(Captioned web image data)
= = =

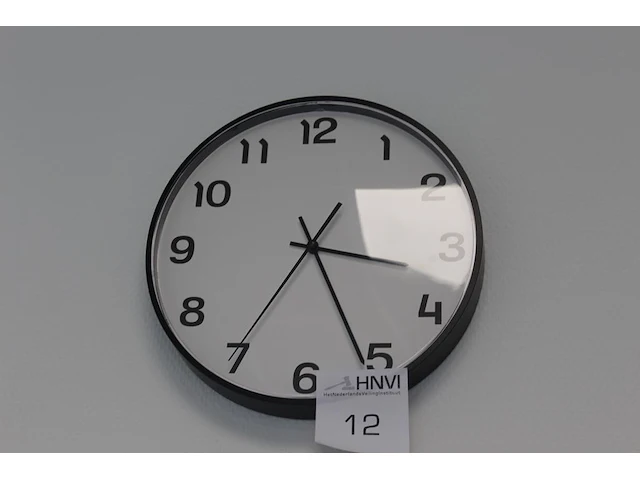 Wandklok doorsnede 30 cm. - afbeelding 1 van  1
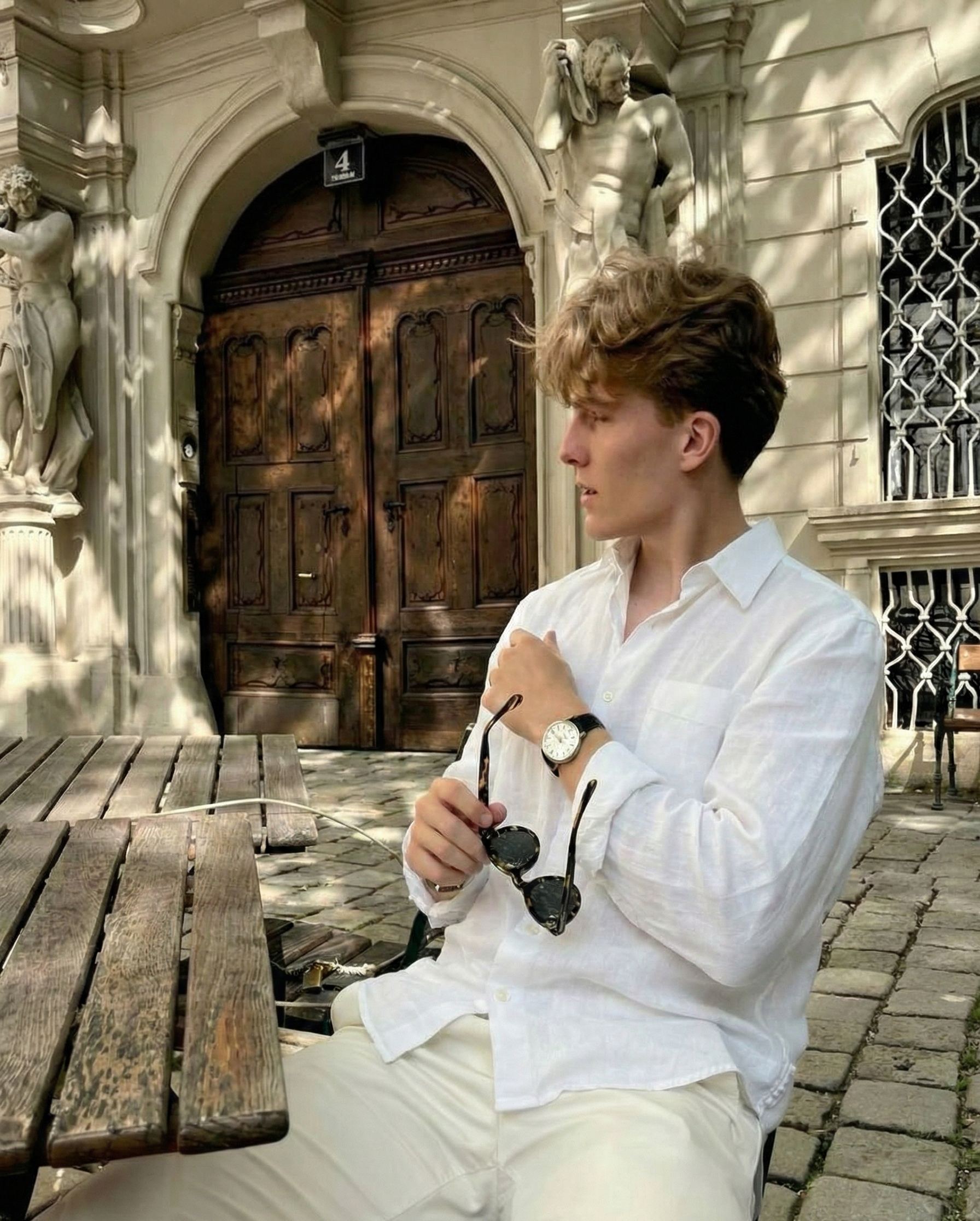 Coastal Elegance: The Signature White Linen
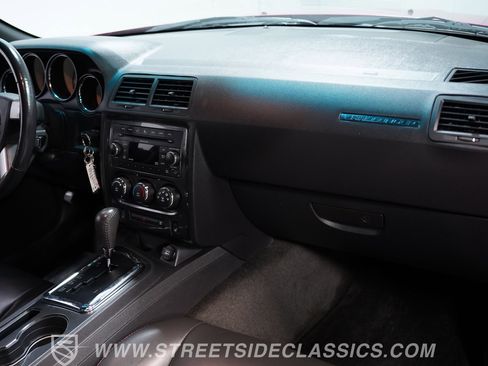 Used 2010 Dodge Challenger R/T RWD image 39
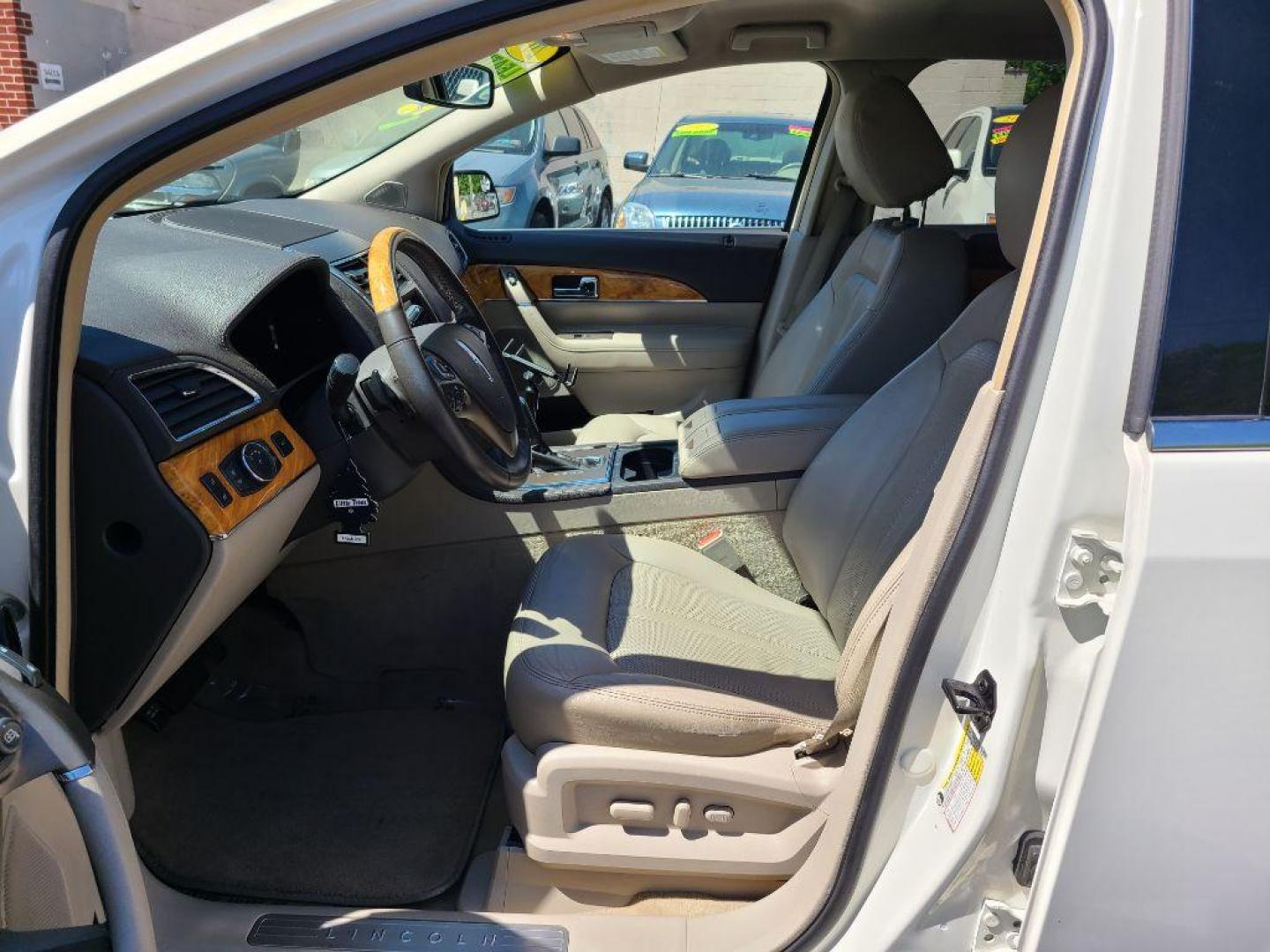 2013 WHITE LINCOLN MKX UTILITY (2LMDJ6JK7DB) with an 3.7L engine, Automatic transmission, located at 7981 Paxton Street, Harrisburg, PA, 17111, (717) 561-2926, 40.261490, -76.749229 - WE FINANCE!!! Good Credit/ Bad Credit/ No Credit - ALL Trade-Ins Welcomed!!! ***Guaranteed Credit Approval*** APPLY ONLINE or CALL us TODAY ;) Internet Prices and Marketplace Prices are SPECIAL discounted ***CASH DEALS*** Retail Prices are higher. Please call us to discuss your cash and finan - Photo#13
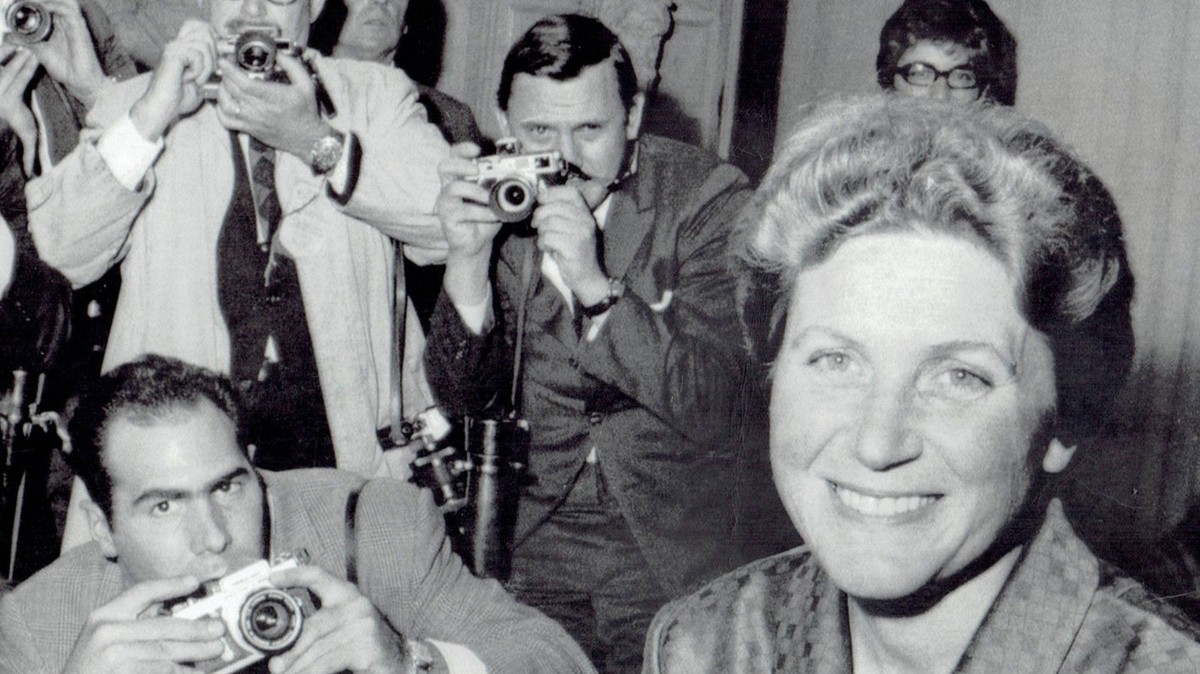 Frau Staehelin: Wie Stalins Tochter in die Schweiz kam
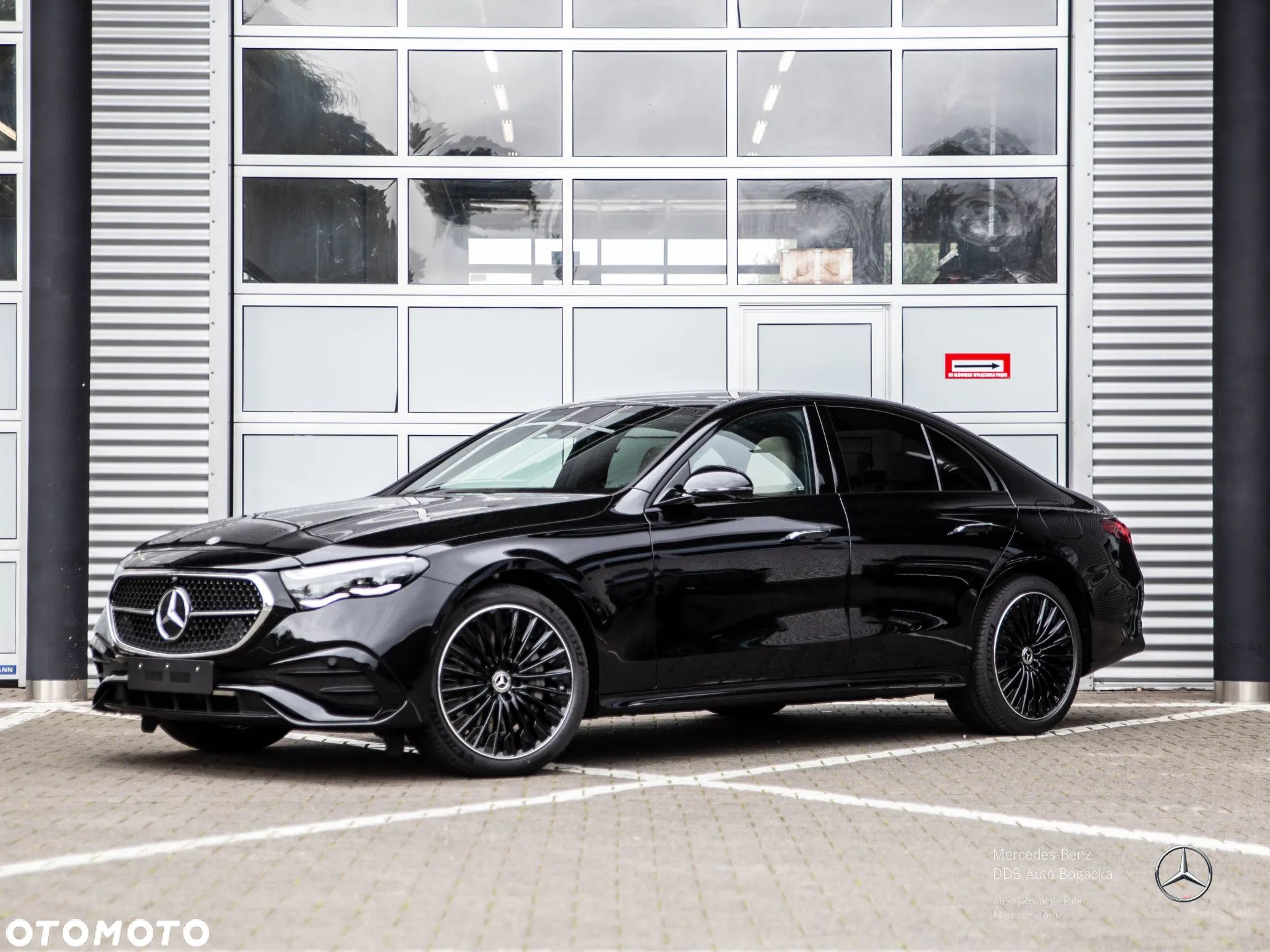 Mercedes-Benz Klasa E 300 de PHEV 4-Matic AMG 9G-Tronic - 1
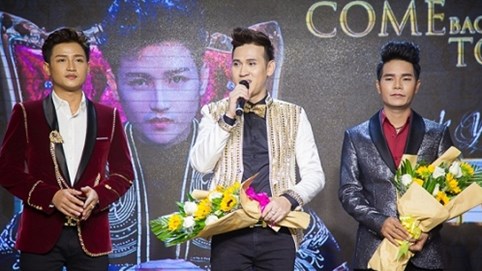 Nguyên Vũ đến chúc mừng Đỗ Minh Quân ra mắt MV mới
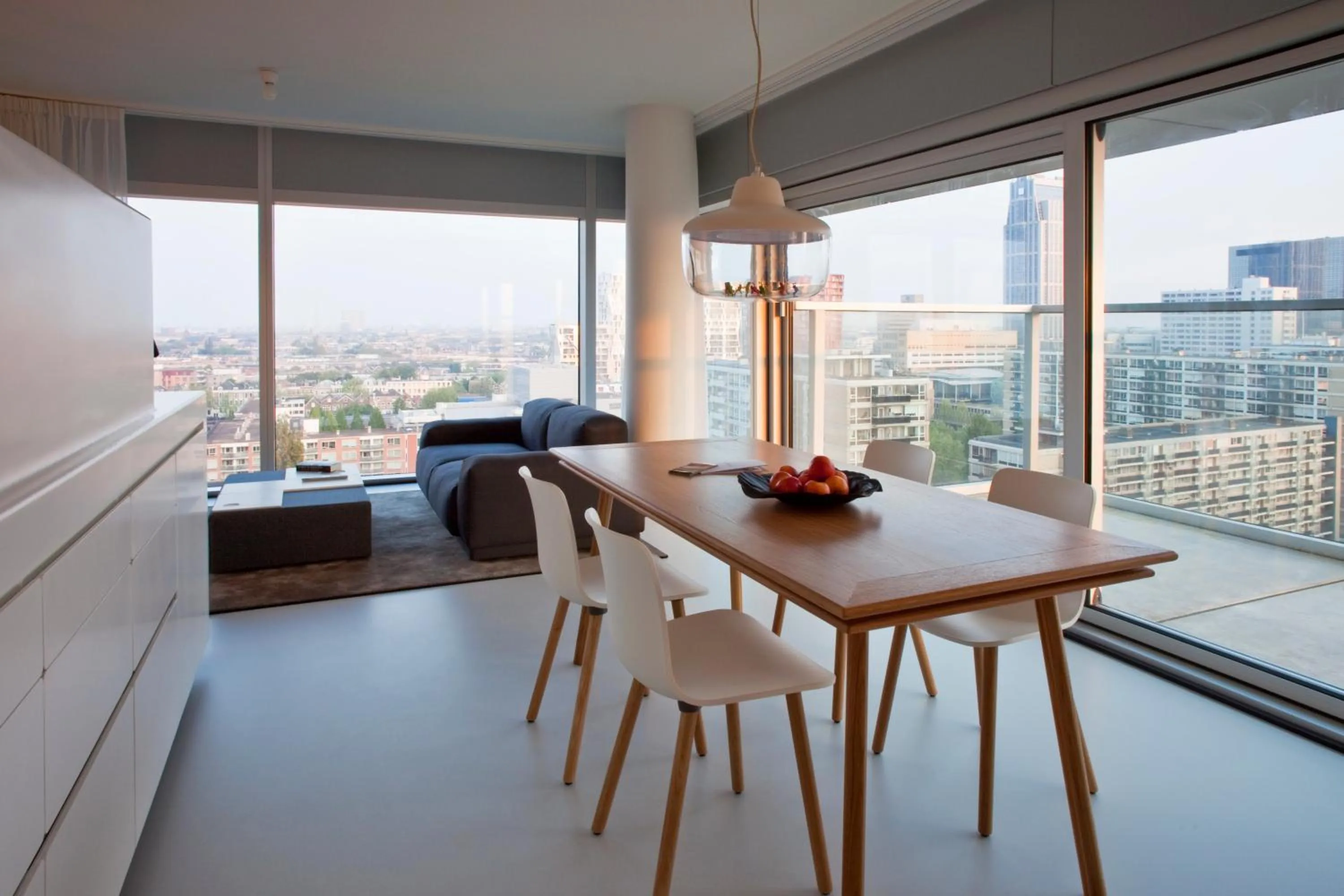 Dining area in Urban Residences Rotterdam
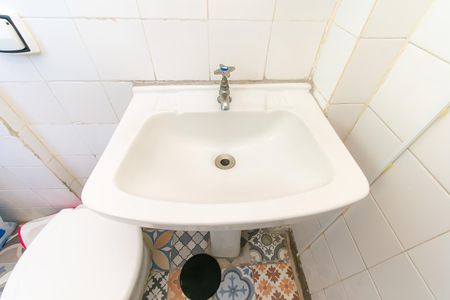 Studio para alugar com 30m², 1 quarto e sem vaga Studio para alugar com 30m², 1 quarto e sem vagaBanheiro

= = =

Problem statement ▸ Give the data again exactly, without pictures.

Task output ▸
 Wandklok doorsnede 30 cm. - afbeelding 1 van  1
 Coastal Elegance: The Signature White Linen
 Used 2010 Dodge Challenger R/T RWD image 39
 2013 WHITE LINCOLN MKX UTILITY (2LMDJ6JK7DB) with an 3.7L engine, Automatic transmission, located at 7981 Paxton Street, Harrisburg, PA, 17111, (717) 561-2926, 40.261490, -76.749229 - WE FINANCE!!! Good Credit/ Bad Credit/ No Credit - ALL Trade-Ins Welcomed!!! ***Guaranteed Credit Approval*** APPLY ONLINE or CALL us TODAY ;) Internet Prices and Marketplace Prices are SPECIAL discounted ***CASH DEALS*** Retail Prices are higher. Please call us to discuss your cash and finan - Photo#13
 Frau Staehelin: Wie Stalins Tochter in die Schweiz kam
 Mercedes-Benz Klasa E 300 de PHEV 4-Matic AMG 9G-Tronic - 1
 Nguyên Vũ đến chúc mừng Đỗ Minh Quân ra mắt MV mới
 Dining area in Urban Residences Rotterdam
 Studio para alugar com 30m², 1 quarto e sem vaga Studio para alugar com 30m², 1 quarto e sem vagaBanheiro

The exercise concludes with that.